Students' winning book collections, and how they came to be

Image caption: Among the selections from the student collections now on display at the MSE Library are Lily Boettcher’s ‘how-to’ books from the late 19th and early 20th centuries.

Credit: Will Kirk / Johns Hopkins University

Fourth-year MD/PhD student Elisabet Pujadas was walking down La Rambla thoroughfare in her Barcelona hometown a few summers ago when she came across a plaque dedicated to Santiago Ramón y Cajal, the Spanish anatomist who developed the neuron theory of the nervous system that became the bedrock of modern neuroscience. The plaque said that the future Nobel laureate had once walked these same streets, carrying a bucketful of brains. Cajal died in 1934, right before the Spanish Civil War, and under the Franco regime he was held up as a model Spaniard. The best-known book about him, García Durán Muñoz's 1948 biography, was written by a friend to the Franco regime, whose point of view shaped how Cajal is known and remembered.

"He was hailed as this icon of the true Spaniard and the person to look up to and very dehumanized," Pujadas says. In the summer between her first and second years of medical school, she started to study Cajal's five years in Barcelona—a research project that snowballed into what she now calls a deconstruction of Cajal—in an effort to extricate the man from the Franco regime's distorting political framework. It's become a lifelong "backburner project" for the epigenetics researcher, and thus far it's produced a library of 36 books and two DVDs by and/or about Cajal, a collection that recently earned Pujadas a $1,000 first-place prize in the graduate category of the 2013 Betty and Edgar Sweren Student Book Collecting Contest sponsored by the Friends of the Johns Hopkins University Libraries.

Launched in 1993 but suspended for a few years before being restarted in 2002, the contest allows students throughout the university the opportunity to showcase what interests them. It's an undertaking seeking not mere book quantity, rarity, or obscurity but intellectual curiosity. Students enter a short essay explaining the collection, a bibliography, and a wish list. And the winners (first and second places in both graduate and undergraduate categories, with two first-place graduate winners this year) for 2013 display a broad range of interests. Examples from each winning entry are on view on the M level of Homewood's MSE Library through July 1.

"I never thought about [my books] as a collection," says Mande Zecca, the other first-place graduate winner, for her From Berkeley to Black Mountain: Avant-Garde American Poetry, 1945–1965 collection that grew out of her interest in the poet Jack Spicer. Zecca says she started collecting Spicer because his books were out of print and she couldn't find out anything about his work except "from going to actual archives and looking at Spicer's letters, which now I will be able to do."

Joseph Shaikewitz, the second-place finisher in the undergraduate category for How Do You Spell Contemporary? Defining, Discovering, and Displaying Today's Art World, started his collection to help him figure out how he wants to pursue a curating career. His collection includes artists' monographs and curatorial-studies books. "It's just interesting [how many disciplines] can combine into one practice," he says, noting that presenting art involves the intersection of art history and a broad range of cultural literacy and history as well. Curatorial studies is "an interesting discipline where you're not saying, This is what you do, but you're saying, These are approaches to this work and how it intersects art history and other things."
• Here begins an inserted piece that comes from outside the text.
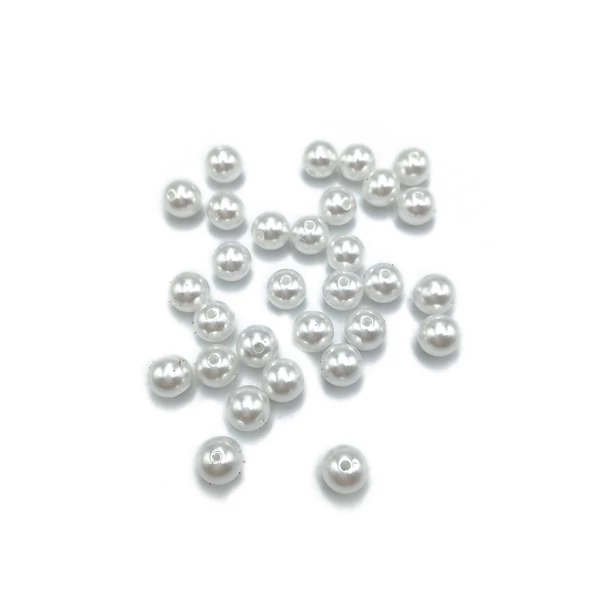 Gyöngy, 10 mm, fehér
And in the case of undergraduate first-place winner Lily Boettcher, The Publication of American Values and the Formation of 'Nation,' 1870–1915 offers a window into understanding how we think about who we are right now. It's a collection of late-19th- and early-20th-century "how-to" books—from voting guides to sports rulebooks to maps—that offers pragmatic advice in ways that make them function as cultural assimilation primers, informing and shaping the version we have today of American westward expansion. A number of these books deliver "this idea of creating a better self to contribute to a stronger nation," Boettcher says, noting that a handbook to the United States from the 1880s includes a home-buying section and dispenses its advice almost as aspirational goals, saying that self-sufficient people of character will thrive out west.

"The idea of 'home' was very important to westward expansion," she says. "People wanted to escape to a place where they romanticized where they could start a new life."

It's a fascinating observation: how the myths of manifest destiny were planted in the guidebooks that people may have used to make their way east to west. "I don't think you can ever really extricate yourself from a historical context, which is a great thing," Boettcher says. "It reminds you of what you're doing today and the problems from 150 years ago."